A freedom-of-information request by my colleagues at Fairfax Media later revealed why.
The Treasury analysis – available to the government before it delivered the budget – showed the spending cuts would cost an average of $842 a year for lower-income households, while the average high-income family lost just $71. Middle-income families would be down $477.
The proposed freezing of family payments and a less generous indexation of the pensions were largely to blame.
And a NATSEM analysis at the time also revealed those inequalities would only grow over time. While the temporary budget repair levy on very -high-income earners disappeared after a few years, the impact of the spending cuts only grew overtime, hitting low-income households harder and harder.
This year’s budget suggests the lessons of 2014 have been somewhat learnt.
NATSEM’s latest distributional analysis of the 2017 budget shows all taxpaying households bearing the burden of budget repair, thanks to the Medicare Levy increase.
Lower-income older households also get the benefit of keeping an extra energy assistance payment. Families on about $100,000 bear the burden of the freeze in family tax benefit B.
Other specific groups, such as university students and drug users, will also lose out.
But overall, the measures in this year’s budget appear roughly “proportional” in their impact, meaning they will not significantly alter the distribution of income in the economy.

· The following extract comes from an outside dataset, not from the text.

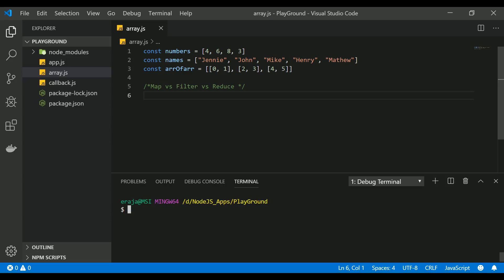Hello everyone, welcome back to the next video on Node.js tutorial for beginners. In this video we are going to discuss map, filter, and reduce — these are all prototypes of array. In the previous video we discussed how to declare an array, how to extract values from an array, and what methods and properties are available. If you haven't watched that video, you can watch it first for better understanding.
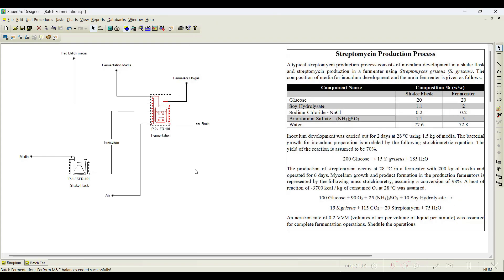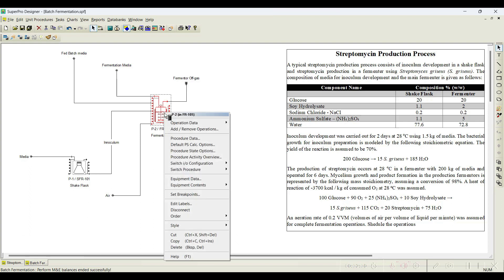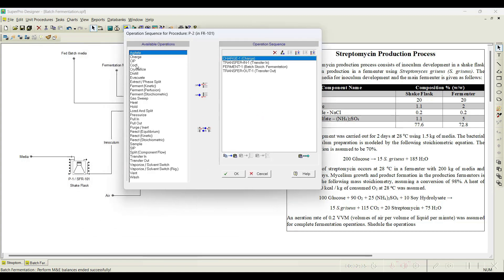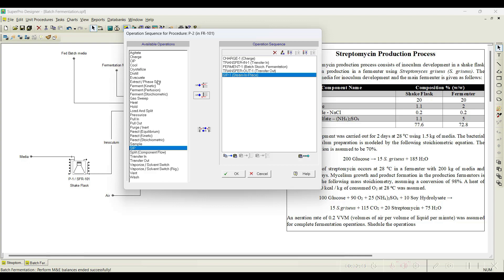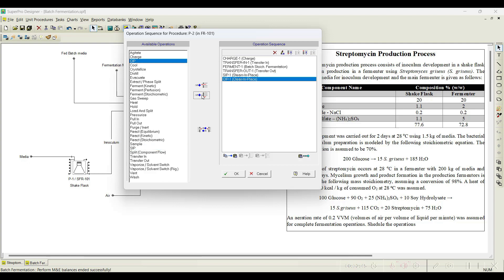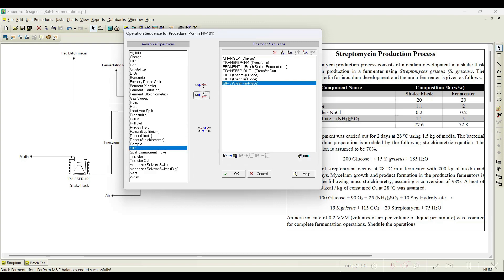This is how, if your process is fed-batch, you can add the streams and initiate it. Also, if you want to clean this particular process before the start of fermentation and also clean after the fermentation, you can add the cleaning operation. Go to 'add and remove operation' — for example, first I will sterilize it using steam, I will add this, and also once the sterilization is done I need to clean it, and post-fermentation I also need a sterilization operation.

The only unknown is the impact of the bank levy, which will be borne by bank customers or shareholders to some degree that is yet unclear.
But overall, the Turnbull government seems to have finally realised what Abbott and his supporters fail to see, that the November 2013 election outcome was never a plea by Australians for a radical downsizing of the role of government in Australia, or a call to balance the budget on the backs of the poorest in society, but a simple denunciation of the political rabble the leadership of the Australian Labor Party had become.
It is crucial that lesson remains learnt.
A fantastic way to do that would be to follow the recommendation made last week in a piece for the Mandarin website by a former Treasury official, David Sligar.
Sligar recommends we follow the example of the British Treasury, which includes with every budget a statement revealing the impact of budget measures on the distribution of income, including the dollar cost to households in every income bracket.
The idea was also canvassed in a recent budget white paper released by Labor’s shadow minister for finance, Jim Chalmers.
It’s a great idea. Let’s do it.
At the very least, the government must commit to bringing back those budget “cameos” that are still mysteriously missing in action.